Here is a hint for the proof: compute

$\left(\frac{d}{d^2-n}\right)$

using the reciprocity law for Jacobi symbols to check that it is  –(d/n). This requires to use all cases of the reciprocity law (namely, the “generic” law for odd moduli, and the supplementary laws for (2/d) and (-1/d) if d is odd). There might be another proof than this, of course, but it doesn’t seem easy to use, for instance, the concrete interpretation above, in the case where n and m are primes.

I don’t know if this is a well-known factlet about quadratic reciprocity. I only noticed it using computer experiments (then, of course, it wasn’t very long before I found the easy proof using the reciprocity law), as I wanted to check that, roughly, among the expressions d2=n+m, with d even and n and m odd primes, roughly half of the values of n were such that d is not a quadratic residue modulo n. When d was congruent to 2 modulo 4, the computer indicated that this was true of exactly half of the values, which only seemed plausible if the property above was true…
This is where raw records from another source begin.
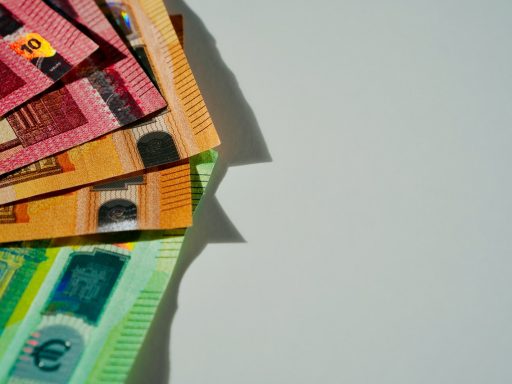 a pile of money sitting on top of a table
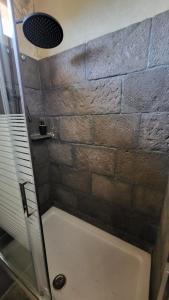 a bathroom with a shower with a stone wall at El Batan Resort in Santa Brígida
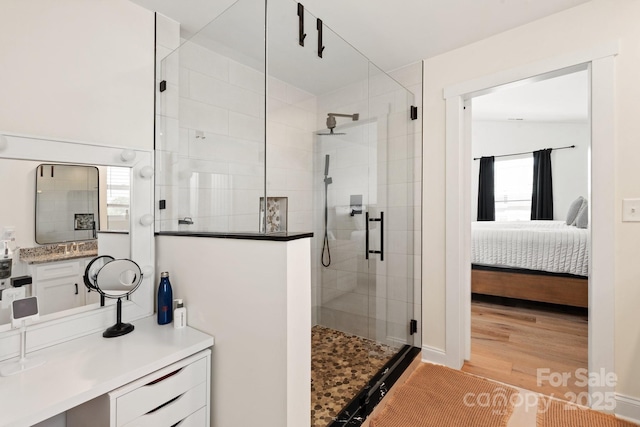 ensuite bathroom with a stall shower, ensuite bath, wood finished floors, and vanity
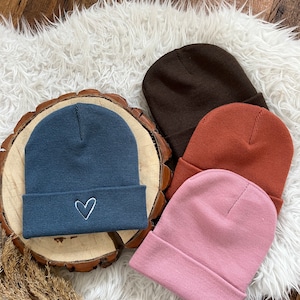 Könnte beinhalten: Vier Strickmützen in verschiedenen Farben: Braun, Blau, Orange und Rosa. Die blaue Mütze hat ein weißes Herz auf der Vorderseite gestickt.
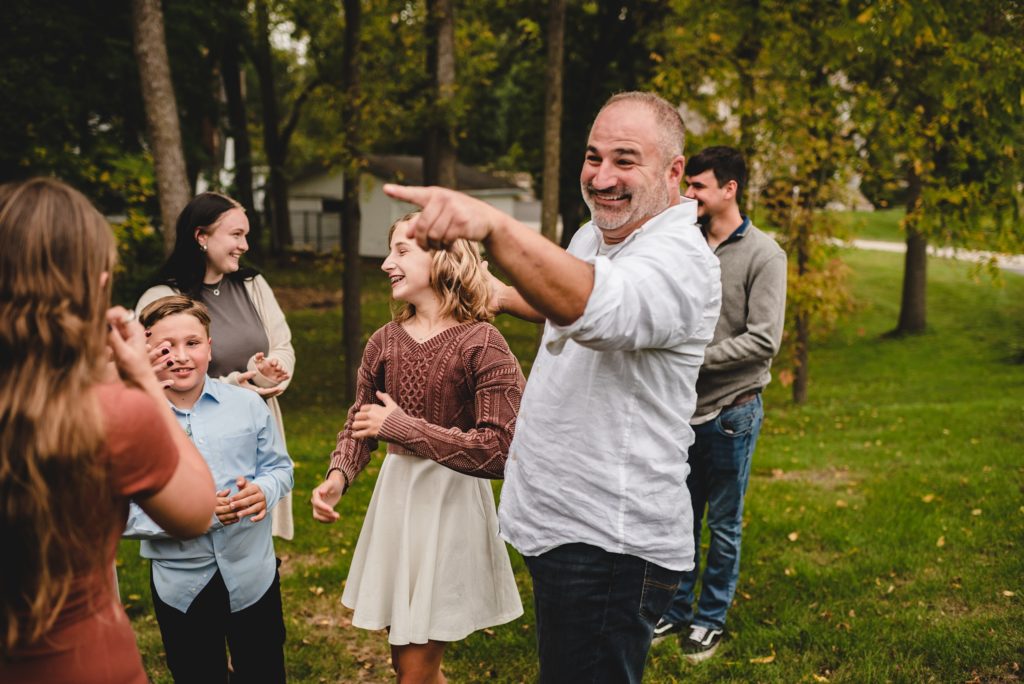 blended family celebrating surprise proposal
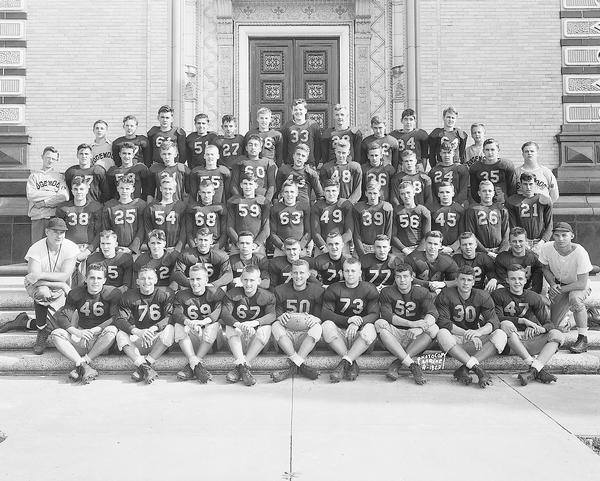 Outdoor group portrait of the Edgewood High School football squad taken in front of the main entrance of the high school, at 1000 Edgewood Avenue.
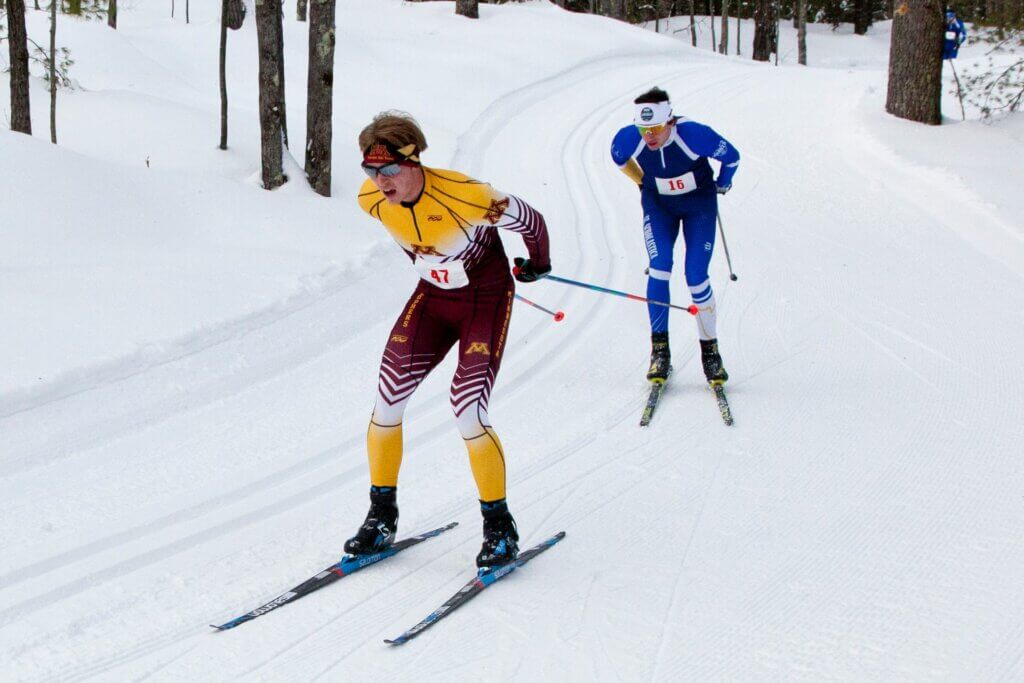 Two men skiing along a trail in the middle of the forest.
Incidentally, it is known by work of Perelli that, for any monic integral polynomial P of positive degree, which does not always take odd values, then for “most” positive integers n, P(n) is a Goldbach number if it is even, i.e., it is a sum of two primes, so for most d congruent to 2 modulo 4, we can indeed write d2=n+m with n and m both primes. This result refines, in a sense, the well-known fact – which goes back to van der Corput, Tchudakov and Estermann at least – that most even integers are sums of two primes; one proof of this, which is more or less a consequence of a suitably strong version of Vinogradov’s theorem on representations of odd integers as sums of three primes, is given in Chapter 19 of my book with Henryk Iwaniec.

(As to why I looked at this bizarre question, it is because of a question of Nguyen Ngoc Dong Quan, involving slightly more complicated conditions).